Vahşeti Normalleştirme Siyaseti

23 Ağustos 2013 Cuma, Yeni Akit

Mısır'daki korkunç katliamın ardından Suriye'de onu gölgede bırakan, insanlara "çok daha fenası da yapılabiliyormuş" dedirten toplu imha saldırısı aslında vahşetin, toplu katliamların, insanları teker teker veya küçük gruplar halinde değil de büyük gruplar halinde öldürmenin normalleştirilmesi siyasetidir. Bu durum İslâm âlemindeki zulüm rejimlerinin yeniden Moğol istilacılarının izlediği siyaseti hâkim kılmak suretiyle halkları sindirme çabası içine girdiklerini gösteriyor. Üstelik bu siyasetlerinde birbirlerine arka oluyor, dolayısıyla birbirlerinin zulümlerini meşrulaştırmanın gerekçelerini oluşturmaya çalışıyorlar.

Böyle bir siyaset izlenmesinin ana gayesi ise halkları, özgürlük davalarından vazgeçmeye, hâkim sistemleri kabullenmeye ve onun dayatmalarını onaylamaya zorlamaktır.

Zulüm rejimlerinin böyle bir strateji izlemesinin amacı bir yandan halkı yıpratmak, onun dayanma ve tahammül gücünü tümüyle yok etmek, böylece zulme yeniden boyun eğmek zorunda kalmasını sağlamak, bir yandan da direnişi törpülemek suretiyle onu en azından bazı dayatmaları kabule zorlamaktır.

Suriye'deki zulüm rejimi bir yandan halkı ve direnişi yıldırmaya ve törpülemeye çalışırken diğer yandan da kendisinin sürekli kan kaybettiğini, elemanlarının kaçtığını ve ordusunun döküldüğünü görüyor.

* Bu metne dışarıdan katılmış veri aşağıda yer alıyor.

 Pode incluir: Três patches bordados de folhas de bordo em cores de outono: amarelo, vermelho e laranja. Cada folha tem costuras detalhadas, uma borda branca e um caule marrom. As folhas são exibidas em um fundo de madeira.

Onun için zamanla yarış içinde olduğunu düşünerek halka daha ağır darbeler indirmeye ve her gün yeni katliamlar gerçekleştirmeye çalışıyor. O yüzden insanları fert fert değil toplu halde öldürebileceği hedeflere yöneliyor. Direnişçilerle bire bir, göğüs göğüse çarpışması durumunda kendi askeri güçlerinin de önemli kayıplar verdiğini, üstelik direnişçiler tüm zorluklara rağmen kararlılıkla çarpışmaya devam ederken kendi elemanlarının kaçmayı tercih ettiklerini görüyor. Ondan dolayı cephe savaşlarında direnişçilerle karşı karşıya gelmek yerine silahsız, savunmasız insanların gruplar halinde katledilebileceği noktaları vurarak halkı yıldırma taktiğine başvuruyor.

Sisi diktası, karşısındaki direnişin silahlı mücadeleye girmemesi sebebiyle şimdilik böyle bir riskle karşı karşıya olmasa da onun geniş tabana yayılmasının da kendisinin enerji kaybetmesine neden olacağını ve zaman içinde böyle bir kitlesel direnişe karşı tahammül gücünü kaybedeceğini biliyor. Ondan dolayı sindirme politikasının en önemli aracı olarak kabul edilen toplu katliamlara başvuruyor.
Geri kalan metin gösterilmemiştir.